Beginning in 2019, all California “debt collectors”—including creditors collecting their own debts regularly and in the ordinary course of business—will be required to provide notice to debtors when collecting on debts that are past the statute of limitations and will be prohibited from suing on such debts. The new law is based on provisions in the 2013 California Fair Debt Buying Practices Act. However, unlike the 2013 Act, which limited the notice requirement to “debt buyers,” the new law extends the notice requirement to any collector, wherever located, that is engaged in collecting a debt from a California consumer.
The notice requirements have been added to the Rosenthal Fair Debt Collections Practices Act, which applies to “any person who, in the ordinary course of business, regularly, on behalf of himself or herself or others, engages in debt collection.” Under the new law, collectors must deliver one form of notice if an account is reported to credit bureaus and another form if it is beyond the Fair Credit Reporting Act’s seven-year limitation period, or date for obsolescence. (There is no separate notice for a collector who has not reported, and will not report, an account to credit bureaus for any other reason.)
The notices, which are identical to those in the 2013 California debt buying law, must be “included in the first written communication provided to the debtor after the debt has become time-barred” or “after the date for obsolescence,” respectively. “First written communication” means “the first communication sent to the debtor in writing or by facsimile, email or other similar means.” We recommend that clients who email the “first written communication” ensure they receive an effective consent to receive electronic communications from debtors.

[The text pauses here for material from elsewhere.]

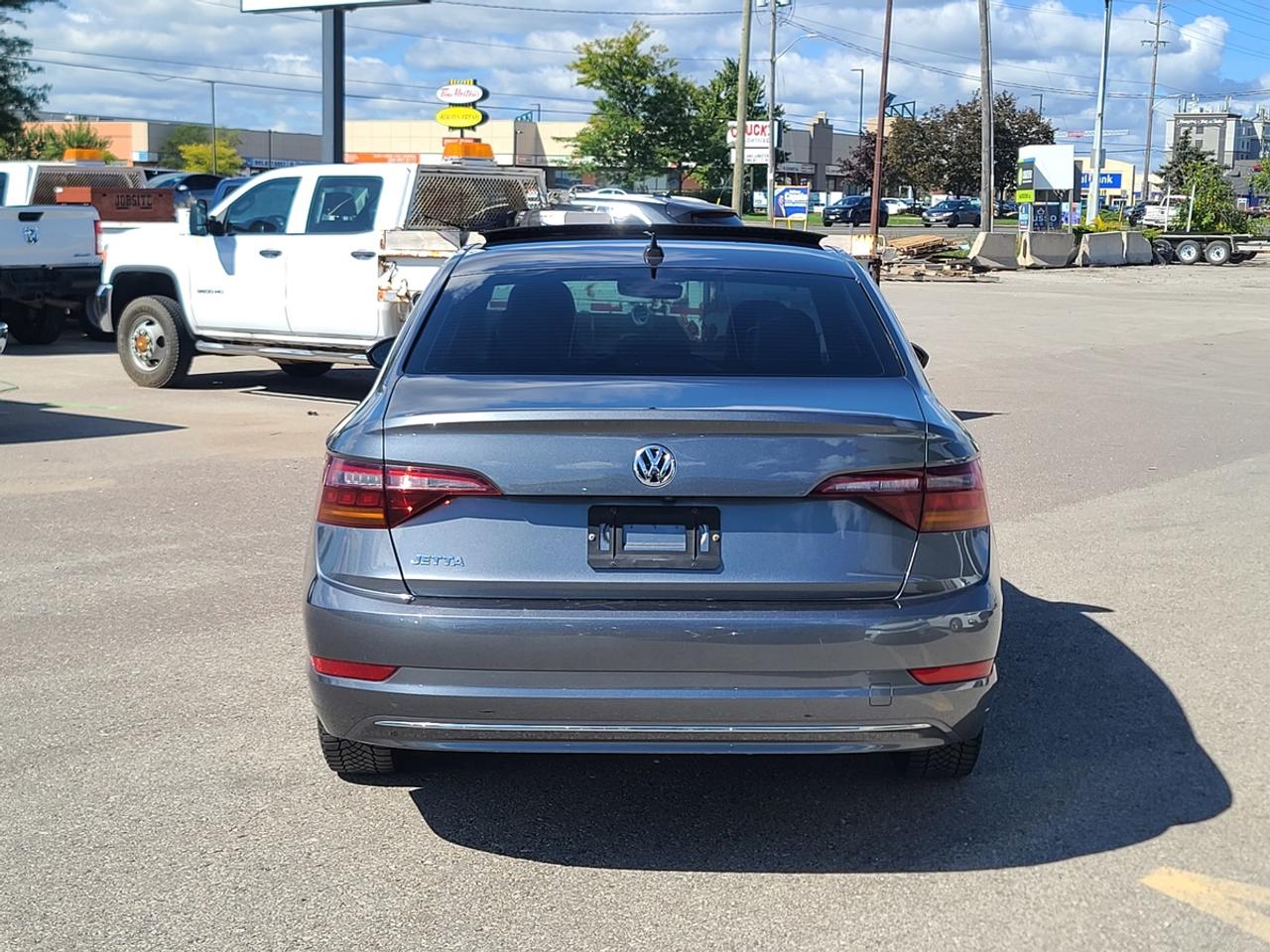 2019 Volkswagen Jetta SEL Photo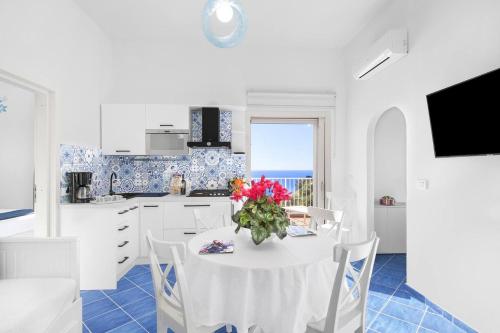 Facilities, BlueVista Dreamscape Home -Terrace Jacuzzi/Hot Tub in Positano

We surmise that the BCFP may be studying California’s disclosures as the BCFP formulates its notice of proposed rulemaking for third-party debt collection, which it has said it will issue next year. The 2013 advance notice of proposed rulemakingand 2016 outline of proposals issued by the Cordray-era Bureau suggested it was considering limits on the collection of time-barred debts. Therefore, California’s new law may influence any ongoing discussions and drafting by the Bureau’s current staff and leadership on this point.
The new California law also amends the statute of limitations provision in Section 337 of the California Code of Civil Procedure to prohibit any person from bringing suit or initiating an arbitration or other legal proceeding to collect certain debts after the four year limitations period has run. With this amendment, the expiration of the statute of limitations will be an outright prohibition to suit, rather than an affirmative defense that must be raised by the consumer.